The fourth is vendor evaluation discipline. The KLAS December 2025 data identified 657 vendors in the healthcare AI space, more than half of them mentioned by only one survey respondent. The field is dominated by undifferentiated point solutions making functionally identical claims, and most platform leadership teams do not have an internal framework for distinguishing genuine workflow integration from demo theater. The cost of that gap is paid in failed pilots.

The fifth is compliance and audit trail design from day one, not as a retrofit. Retrofitting audit logs, PHI redaction, and explainability features into a finished AI product is significantly more expensive than building them in. For PE-backed platforms where compliance scrutiny intensifies during exit diligence, this corner cannot be cut.

The sixth is change management bandwidth at the site level. AI tooling that the people who are supposed to use it do not adopt produces none of the projected ROI, and adoption requires sustained operational engagement, not a vendor training session.

Why PE-Backed Platforms Are Structurally Disadvantaged

Two structural realities make these six commitments harder for PE-backed platforms specifically. The first is system fragmentation. A urology rollup, oncology platform, or multi-specialty MSO assembled over the past three to five years is operating on a patchwork of practice management systems, EHRs, billing platforms, and clearinghouses inherited from each acquired practice. The Reveleer and Harris Poll 2025 State of Technology in Value-Based Care report found only one in three providers rate their data integration capabilities as excellent, and fewer than half are highly confident in the accuracy of the patient data they are using.

The second is hold-period pressure. Three-to-seven-year hold periods compress the timeline for showing EBITDA improvement, which pushes platform leadership to deploy point solutions on top of fragmented data infrastructure rather than invest in the unification work that would make those point solutions perform. The AI tooling gets pointed at a data foundation it was not designed to operate on, the pilot underperforms, and the platform either kills the project or keeps it alive in pilot purgatory long enough that the next acquisition disrupts whatever standardization had begun.

The Numbers

KLAS Research's December 2025 update found more than two-thirds of healthcare organizations were using some form of AI by year-end. Within RCM specifically, claims adjudication and coding automation each had 24% adoption, denials management 17%. Bain and KLAS named RCM the top provider AI investment priority for 2025. CFOs are looking for measurable financial returns inside a twelve-month horizon. What happens after the capital is committed is where the picture gets uglier. MIT Sloan's 2025 research found 95% of generative AI pilots fail to scale to production. Deloitte's 2025 enterprise AI survey reported 42% of companies abandoned at least one AI initiative during the year, with average sunk cost between $4.2 million and $7.2 million per abandoned project. Within healthcare specifically, industry analysts place the failure rate at 78.9%, with the dominant abandonment causes being data quality issues judged insurmountable (38%), business case no longer viable (29%), loss of executive sponsorship (21%), and technical infeasibility (12%).

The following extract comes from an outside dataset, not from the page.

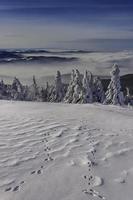 vue d'un paysage d'hiver depuis le sommet de la montagne radhost photo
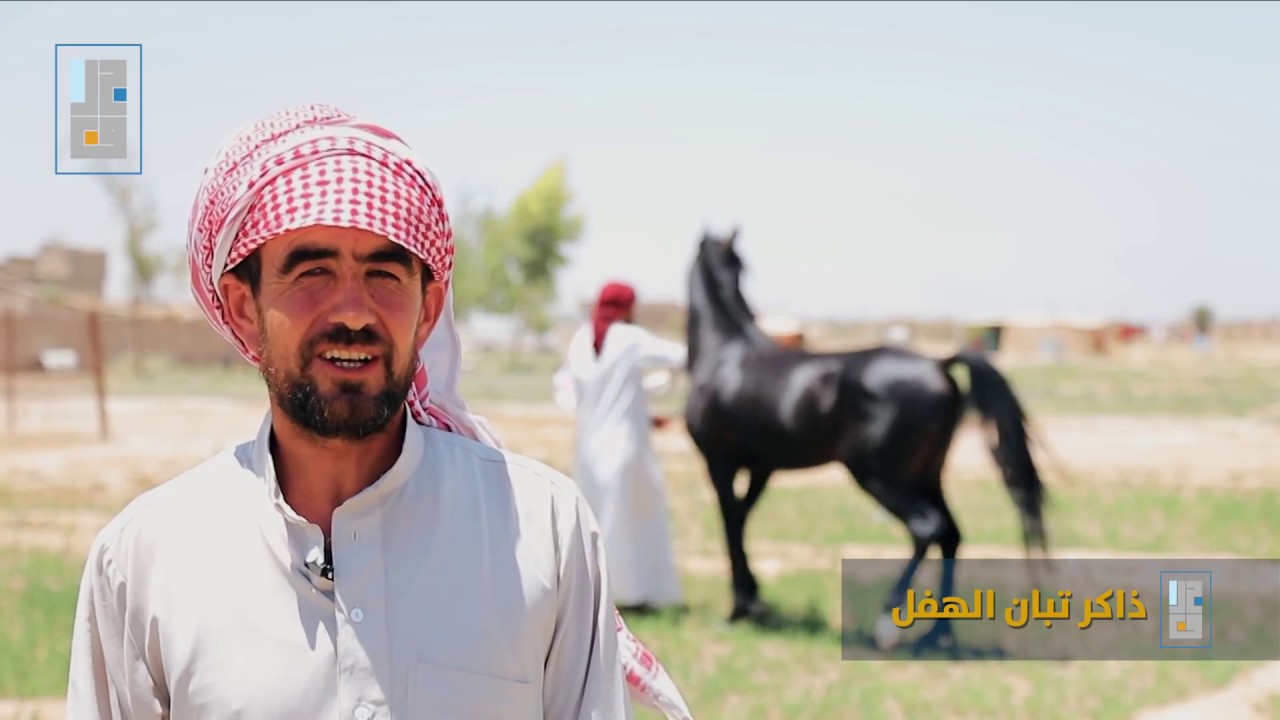 شاهد: خيول ديرالزور الأصيلة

"Promising AI tools fail because they were not designed with the workflow, the user experience, or the implementation context in mind. The model is almost never the problem. The conditions surrounding the model are." — Thomas Kingsley, Director of Applied AI, UCLA Health

For sub-platform PE-backed practices evaluating AI investment in the second half of 2026 and into 2027, the practical question is not whether the technology has matured. It has, and the use cases are well-defined. The practical question is whether the platform has the data infrastructure, the documented processes, the baseline metrics, and the operator-led translation capacity to make any AI deployment perform. The engineer doesn't determine whether the tool performs. The work that happens before the engineer arrives does.